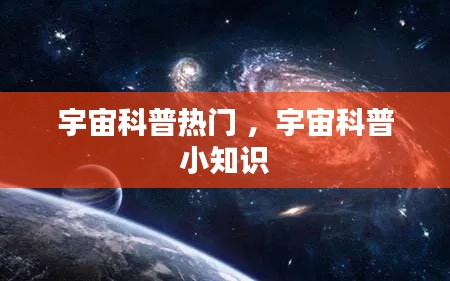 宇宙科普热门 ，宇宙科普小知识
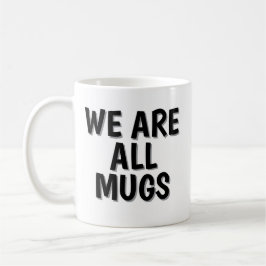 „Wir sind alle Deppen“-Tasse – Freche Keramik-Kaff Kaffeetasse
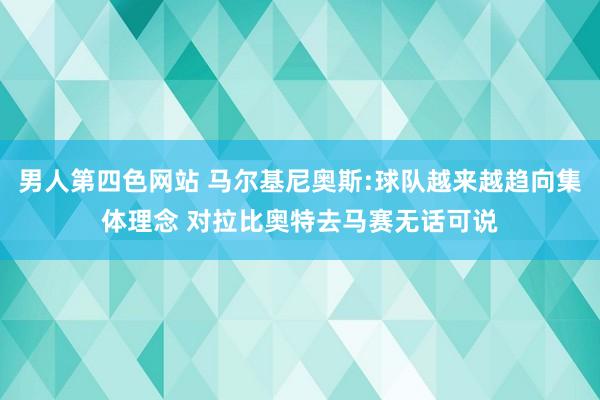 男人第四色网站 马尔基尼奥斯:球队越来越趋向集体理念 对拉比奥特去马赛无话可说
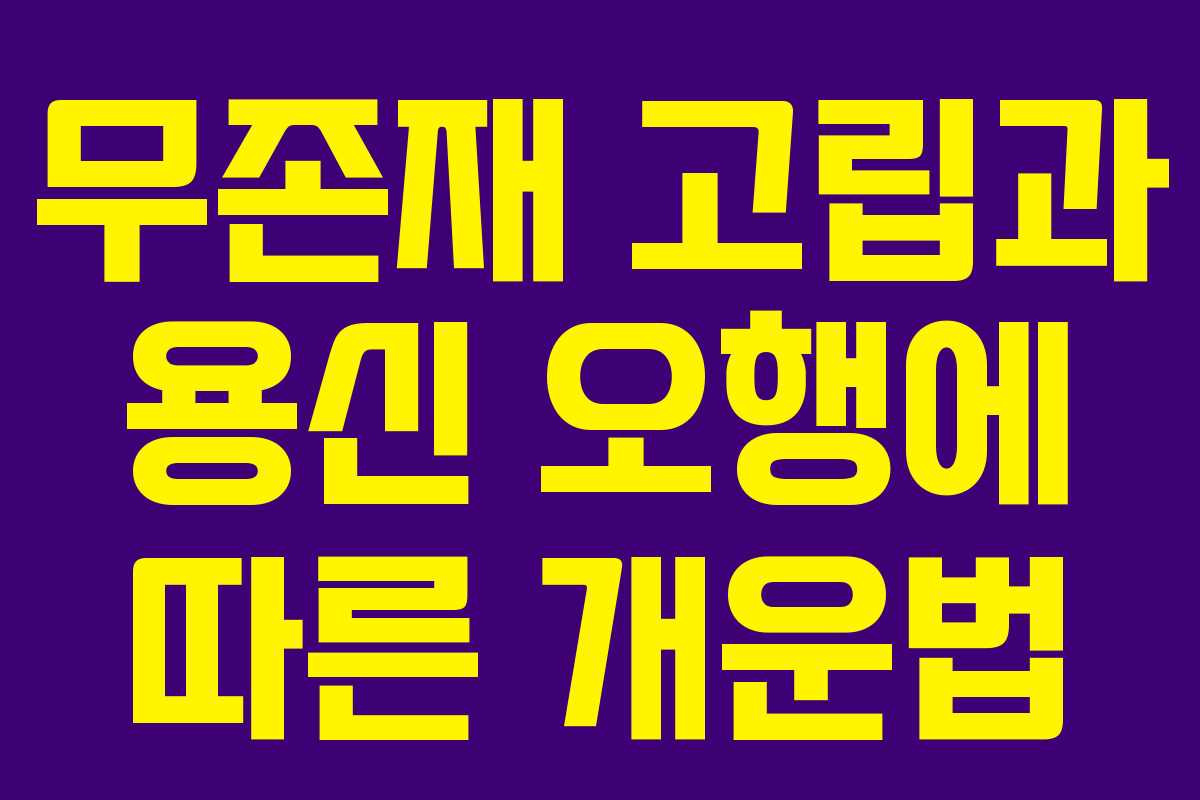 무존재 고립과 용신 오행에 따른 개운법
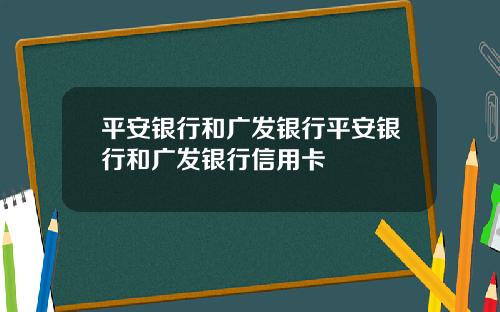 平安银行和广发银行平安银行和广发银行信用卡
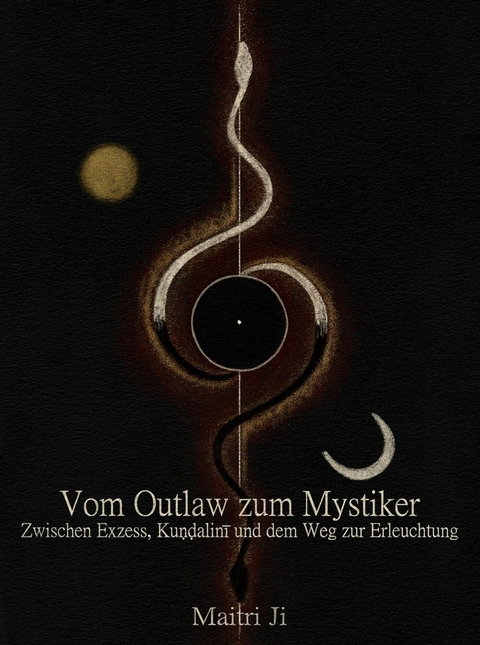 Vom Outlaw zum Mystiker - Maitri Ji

▶ [HOW TO COMPLETE THIS TASK]:
Reproduce every entry above in full and exactly, though not its pictures.

▶ [RESPONSE AREA]:
 宇宙科普热门 ，宇宙科普小知识
 „Wir sind alle Deppen“-Tasse – Freche Keramik-Kaff Kaffeetasse
 男人第四色网站 马尔基尼奥斯:球队越来越趋向集体理念 对拉比奥特去马赛无话可说
 무존재 고립과 용신 오행에 따른 개운법
 平安银行和广发银行平安银行和广发银行信用卡
 Vom Outlaw zum Mystiker - Maitri Ji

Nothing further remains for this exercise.